What is grief? The logical answer is what you feel when someone dies. That is the right clinical answer, the one you find in textbooks. But grief is something else entirely. Grief, I have come to understand is what is left when all the love you for someone, has no person to receive it. When I lost my dad I felt, and still feel the love for him, but do not have him here to give that love. So, I had grief and I could not escape that grief so the only solution, I found through therapy, my Stephen Minister, and prayer is to allow love and grief to be carried into the life I have now.

The book It’s Ok to Not Be Ok by Megan Devine changed my thinking about and processing of grief, because finally I had validity in my feeling. This book taught me that it is ok to feel all love and grief and it is absolutely, 100%, ok to not be ok when grief hits. Because the grief will hit because grief is chronic. So, it is never about feeling things and moving on, but accepting that you can and will, when ready, move forward with life and in doing so that grief, and all the emotions that come with grief, will go with you, but so will the love you still have. As you move forward with grief you will find a rhythm and you will find joy and happiness because you are allowing all those emotions that come from loving someone, to experience life with you.

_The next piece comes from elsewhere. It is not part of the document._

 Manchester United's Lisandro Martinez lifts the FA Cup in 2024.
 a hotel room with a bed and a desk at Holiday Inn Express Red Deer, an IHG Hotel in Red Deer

I heard it said that grief is like waves. Sometimes lapping at your feet and their impact is small. Other times those waves hit mid-thigh and their impact hits a little harder and takes longer to recover from. The waves that hit your chest can knock you back and feel you breathless. And then there are the waves that knock you down, overwhelm you, and feel like they are drowning you. That is grief, like the waves of the ocean you feel them differently at different times and maybe some days it is harder, but other days those little laps at our feet are the reminder of the love we have for the person we lost and the assurance that we did not move on from them but moved forward with them. That they are still with us, they might be gone physically, but the love they gave you is still there, walking through life with you.

So it is ok if you are not ok now, that is the reality of grief, but also it’s beauty. Through grief we find ways to love differently and honor those we lost. Through grief we see we are stronger than we ever thought, sometimes because those we lost taught us to be. But most of all through grief we understand that it is ok to not be ok at time and that frees us to move forward into healing.

 


Rev. Whitney Peper is the Pastor of Congregational Care and Special Needs at St. Peter's UMC in Katy, Texas. In her role she provides care and support to all those within the congregation and works diligently to provide a seat at the table for those of all abilities. Whitney is married to Tim and they have one son who is 10.